RECORDS SUPPLIED Block Start

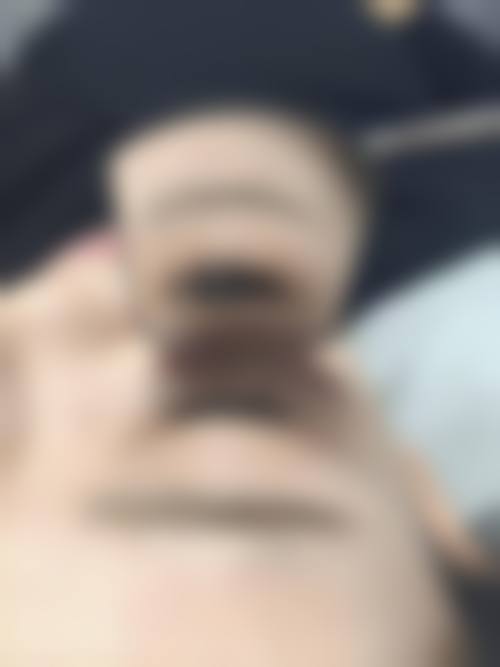 六、亢赛真实的患者评价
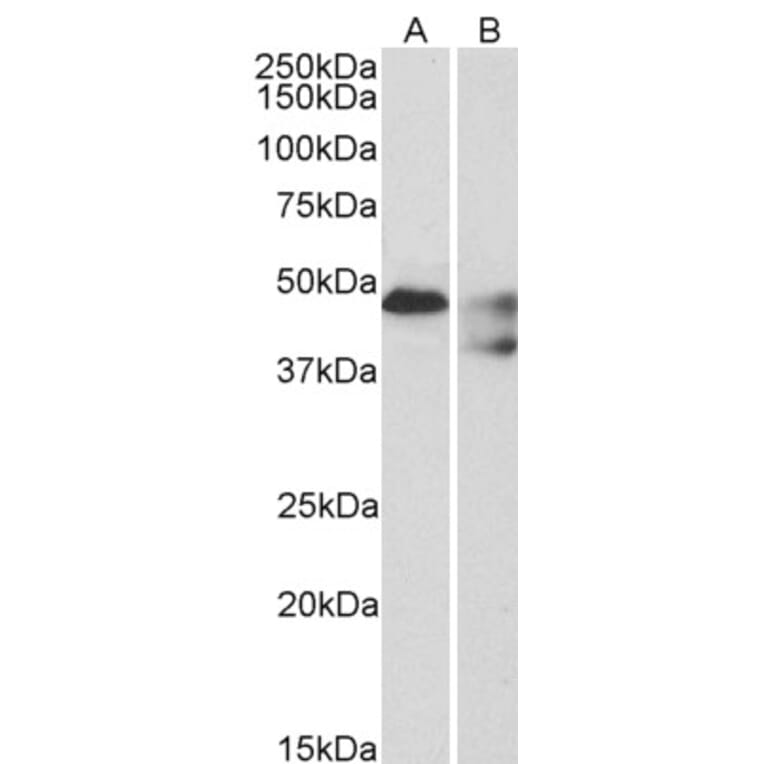 Western Blot - Anti-5HT1B Receptor Antibody (A84214) - Antibodies.com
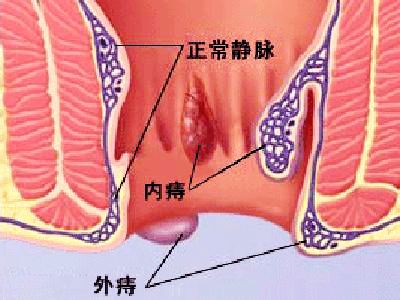 为什么会长混合痔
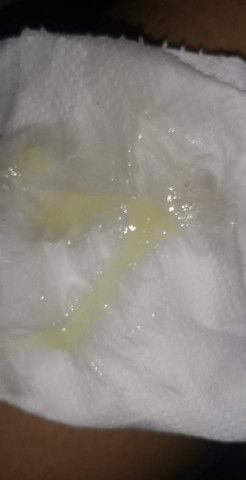 Mucos plug sign na malapit na akung manganak sa Tuesday due ko na base sa lmp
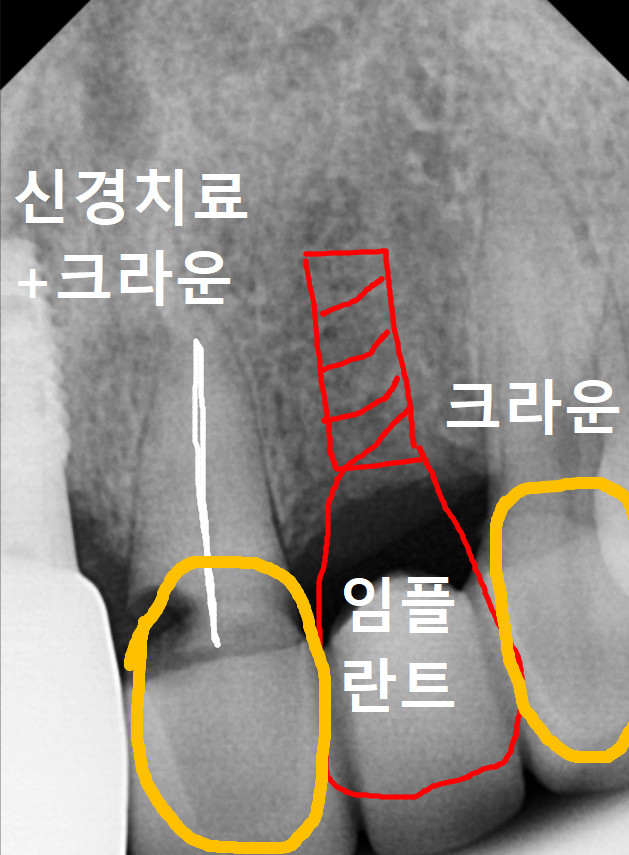 음식물 끼임, 거뭇한 무언가 보인다면? 이미 늦었을 수 있습니다. 관련 이미지 9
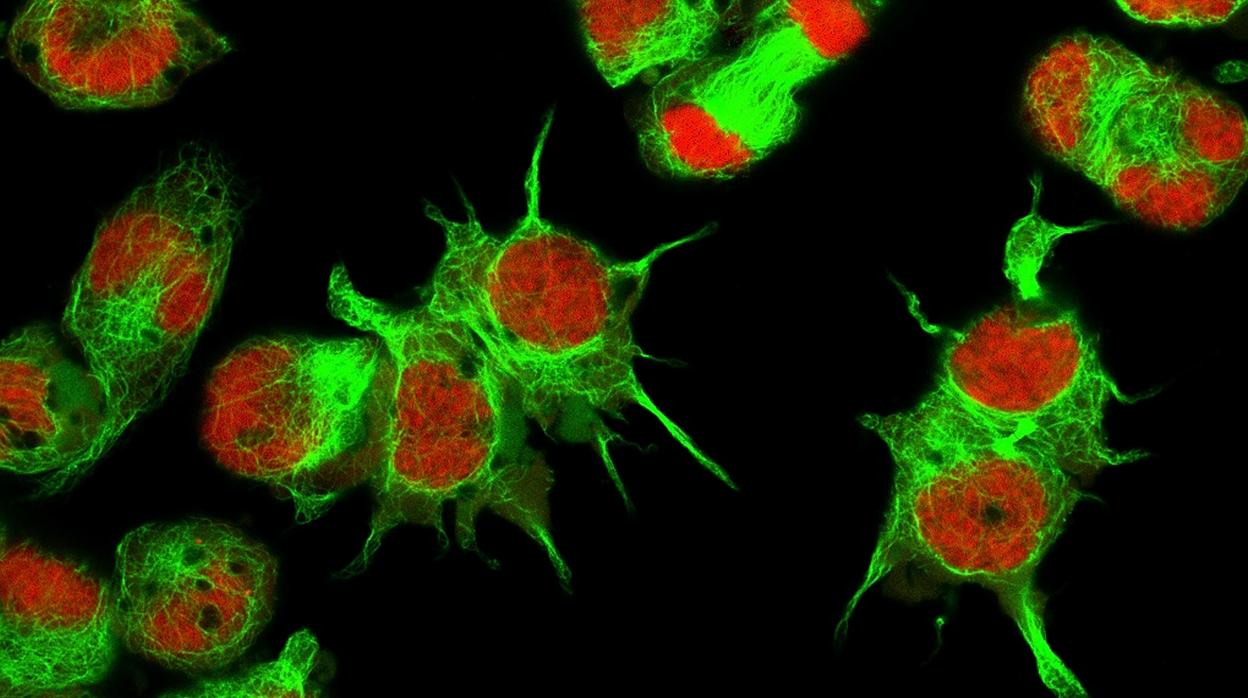 Células de neuroblasma vistas desde un microscopio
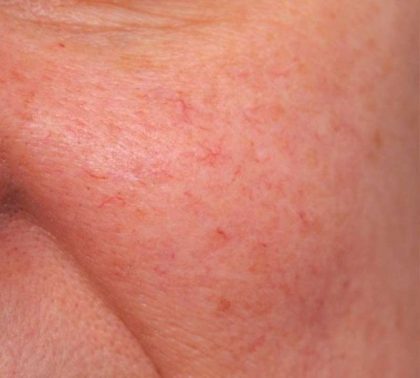 IPL Photofacial Before & After Patient #2548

RECORDS SUPPLIED Block End

§ EXERCISE:
The entries above should be retyped word for word, with all pictures omitted.

§ COMPLETED EXERCISE:
 六、亢赛真实的患者评价
 Western Blot - Anti-5HT1B Receptor Antibody (A84214) - Antibodies.com
 为什么会长混合痔
 Mucos plug sign na malapit na akung manganak sa Tuesday due ko na base sa lmp
 음식물 끼임, 거뭇한 무언가 보인다면? 이미 늦었을 수 있습니다. 관련 이미지 9
 Células de neuroblasma vistas desde un microscopio
 IPL Photofacial Before & After Patient #2548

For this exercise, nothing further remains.